TASK TO COMPLETE - Within the lines below, the span from the line with "Our approach is" to the line with "You repeat the", both ends included, is to be reproduced exactly, with pictures omitted.

ENTRIES SUPPLIED -
━━━━━━━━━━━━━━━━━━━━━━━━━━━━━━

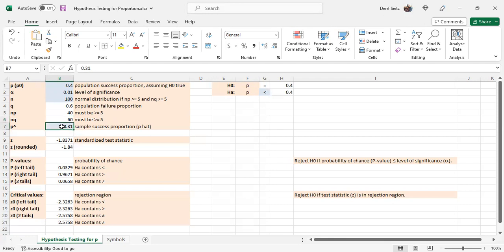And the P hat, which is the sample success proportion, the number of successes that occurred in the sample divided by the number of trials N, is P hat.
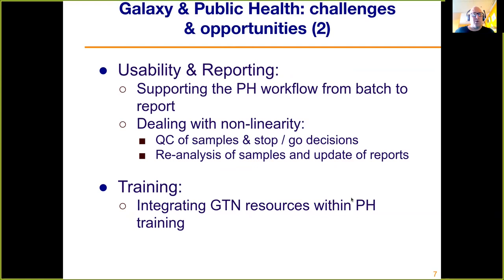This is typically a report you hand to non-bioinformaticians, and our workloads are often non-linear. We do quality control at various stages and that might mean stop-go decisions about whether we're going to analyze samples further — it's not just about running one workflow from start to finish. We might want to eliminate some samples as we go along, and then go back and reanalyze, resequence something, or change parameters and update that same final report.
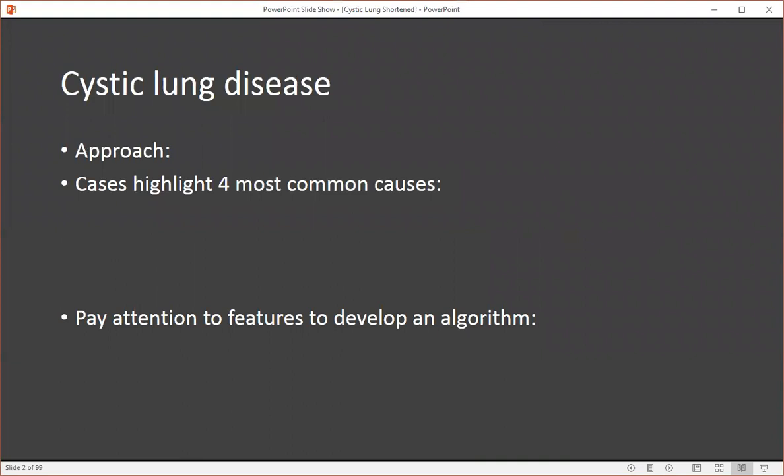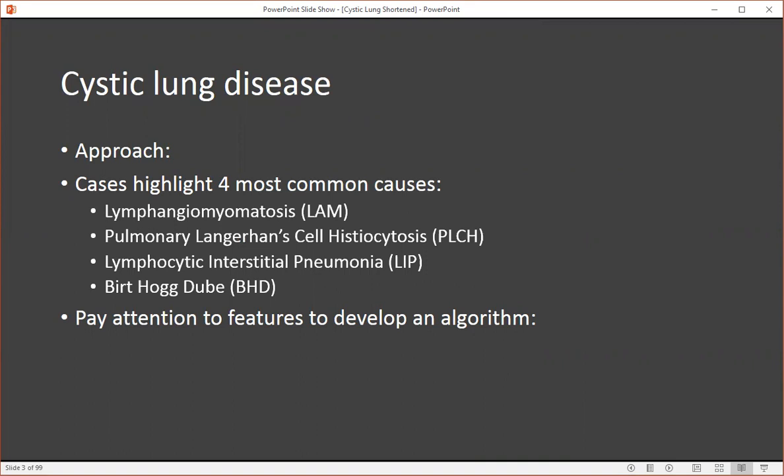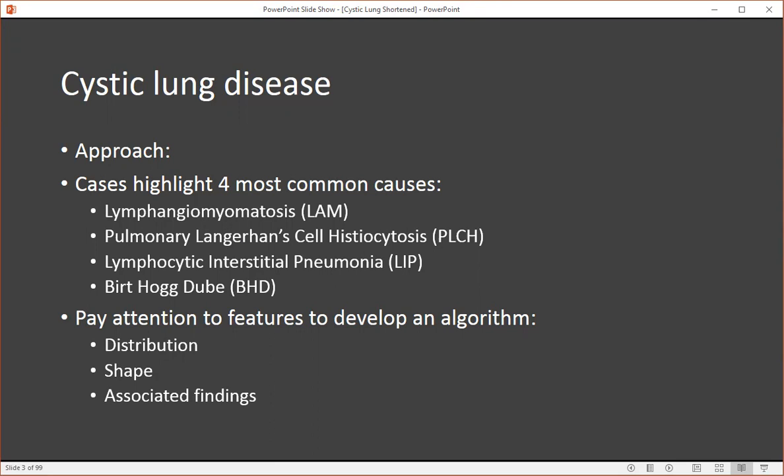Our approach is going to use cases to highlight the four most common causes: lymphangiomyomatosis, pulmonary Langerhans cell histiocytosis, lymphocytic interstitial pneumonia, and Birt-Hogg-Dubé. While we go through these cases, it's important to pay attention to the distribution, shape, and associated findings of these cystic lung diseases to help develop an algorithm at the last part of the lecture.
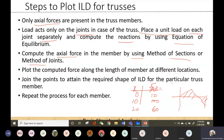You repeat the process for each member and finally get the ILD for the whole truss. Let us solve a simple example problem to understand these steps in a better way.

━━━━━━━━━━━━━━━━━━━━━━━━━━━━━━

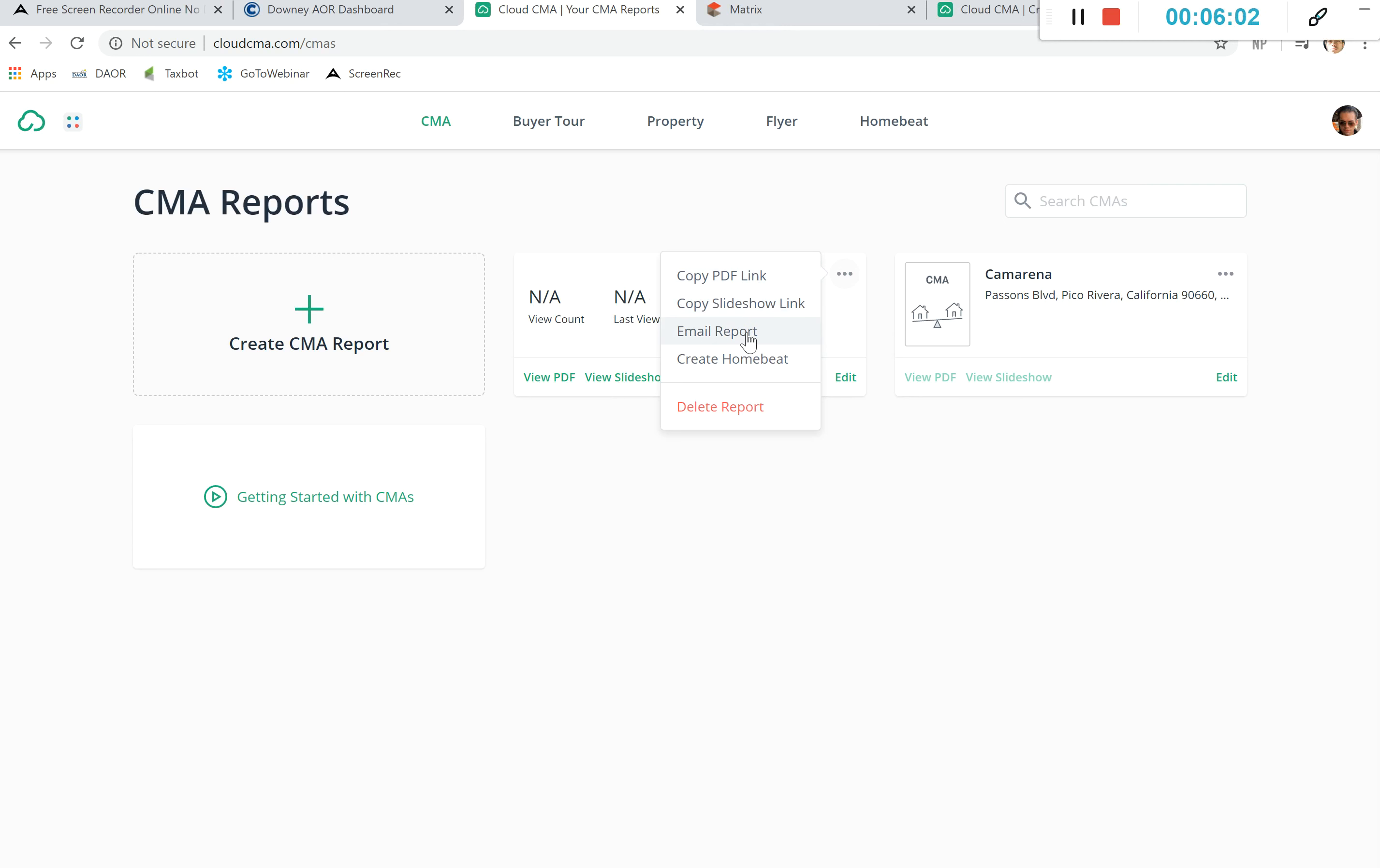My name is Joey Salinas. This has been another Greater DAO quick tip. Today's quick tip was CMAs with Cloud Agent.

━━━━━━━━━━━━━━━━━━━━━━━━━━━━━━

YOUR SOLUTION -
Our approach is going to use cases to highlight the four most common causes: lymphangiomyomatosis, pulmonary Langerhans cell histiocytosis, lymphocytic interstitial pneumonia, and Birt-Hogg-Dubé. While we go through these cases, it's important to pay attention to the distribution, shape, and associated findings of these cystic lung diseases to help develop an algorithm at the last part of the lecture.
You repeat the process for each member and finally get the ILD for the whole truss. Let us solve a simple example problem to understand these steps in a better way.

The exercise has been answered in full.